> _TASK INSTRUCTIONS_
Your response should consist solely of the lines from the one containing "1193749 New Aftermarket" through the end of the data, copied exactly.

═══ MATERIAL SHOWN ═══

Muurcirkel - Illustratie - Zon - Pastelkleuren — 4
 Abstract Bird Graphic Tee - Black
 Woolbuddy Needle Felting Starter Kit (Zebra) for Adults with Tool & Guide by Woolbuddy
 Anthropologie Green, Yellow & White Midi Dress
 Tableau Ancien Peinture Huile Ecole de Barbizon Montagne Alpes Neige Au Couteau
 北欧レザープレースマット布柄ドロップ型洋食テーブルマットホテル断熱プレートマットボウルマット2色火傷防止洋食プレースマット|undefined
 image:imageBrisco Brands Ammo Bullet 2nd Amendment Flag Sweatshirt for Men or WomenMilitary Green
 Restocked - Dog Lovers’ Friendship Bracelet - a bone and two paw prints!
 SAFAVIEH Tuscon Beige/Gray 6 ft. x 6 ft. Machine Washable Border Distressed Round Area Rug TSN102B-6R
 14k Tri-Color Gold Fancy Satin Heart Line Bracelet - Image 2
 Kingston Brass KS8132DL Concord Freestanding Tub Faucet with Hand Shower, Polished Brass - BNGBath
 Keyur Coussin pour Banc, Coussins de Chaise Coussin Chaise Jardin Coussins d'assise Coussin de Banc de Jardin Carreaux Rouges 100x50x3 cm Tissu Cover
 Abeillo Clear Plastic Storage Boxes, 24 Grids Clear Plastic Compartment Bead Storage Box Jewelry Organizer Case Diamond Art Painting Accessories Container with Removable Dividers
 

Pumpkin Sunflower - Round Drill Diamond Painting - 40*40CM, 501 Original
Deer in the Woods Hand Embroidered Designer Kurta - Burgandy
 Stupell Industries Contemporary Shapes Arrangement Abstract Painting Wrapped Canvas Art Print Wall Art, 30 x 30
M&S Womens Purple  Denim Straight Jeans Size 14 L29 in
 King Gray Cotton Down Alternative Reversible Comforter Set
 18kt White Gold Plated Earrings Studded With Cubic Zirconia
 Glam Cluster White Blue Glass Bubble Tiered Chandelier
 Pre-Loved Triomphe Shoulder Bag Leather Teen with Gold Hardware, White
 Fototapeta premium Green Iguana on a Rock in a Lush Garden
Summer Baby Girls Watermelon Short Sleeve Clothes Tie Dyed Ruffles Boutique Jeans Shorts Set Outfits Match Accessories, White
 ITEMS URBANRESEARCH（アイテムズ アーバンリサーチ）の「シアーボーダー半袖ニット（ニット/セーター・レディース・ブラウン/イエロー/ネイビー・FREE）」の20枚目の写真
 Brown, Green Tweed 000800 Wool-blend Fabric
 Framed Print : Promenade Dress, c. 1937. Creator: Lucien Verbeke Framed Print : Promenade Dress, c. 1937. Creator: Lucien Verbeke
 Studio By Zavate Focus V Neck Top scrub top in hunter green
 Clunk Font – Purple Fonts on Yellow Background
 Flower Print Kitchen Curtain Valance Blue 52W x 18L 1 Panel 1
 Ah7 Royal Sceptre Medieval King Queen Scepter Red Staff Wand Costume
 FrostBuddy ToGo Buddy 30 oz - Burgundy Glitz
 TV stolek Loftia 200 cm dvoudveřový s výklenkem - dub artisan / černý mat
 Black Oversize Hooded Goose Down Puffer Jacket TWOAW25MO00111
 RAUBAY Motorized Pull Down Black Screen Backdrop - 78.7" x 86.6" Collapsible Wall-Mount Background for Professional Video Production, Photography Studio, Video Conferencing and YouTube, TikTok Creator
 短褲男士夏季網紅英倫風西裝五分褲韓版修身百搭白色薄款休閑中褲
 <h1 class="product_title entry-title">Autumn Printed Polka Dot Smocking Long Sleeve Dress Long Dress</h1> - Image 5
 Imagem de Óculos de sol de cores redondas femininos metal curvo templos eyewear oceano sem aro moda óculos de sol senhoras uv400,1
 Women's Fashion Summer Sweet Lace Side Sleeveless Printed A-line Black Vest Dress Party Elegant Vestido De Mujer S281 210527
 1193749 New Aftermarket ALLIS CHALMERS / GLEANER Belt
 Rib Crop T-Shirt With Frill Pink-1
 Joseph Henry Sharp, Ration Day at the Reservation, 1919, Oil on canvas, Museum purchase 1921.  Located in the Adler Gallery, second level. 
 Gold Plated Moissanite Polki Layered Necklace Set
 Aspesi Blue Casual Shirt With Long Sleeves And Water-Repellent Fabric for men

═══

> _TASK RESULT_
 1193749 New Aftermarket ALLIS CHALMERS / GLEANER Belt
 Rib Crop T-Shirt With Frill Pink-1
 Joseph Henry Sharp, Ration Day at the Reservation, 1919, Oil on canvas, Museum purchase 1921.  Located in the Adler Gallery, second level. 
 Gold Plated Moissanite Polki Layered Necklace Set
 Aspesi Blue Casual Shirt With Long Sleeves And Water-Repellent Fabric for men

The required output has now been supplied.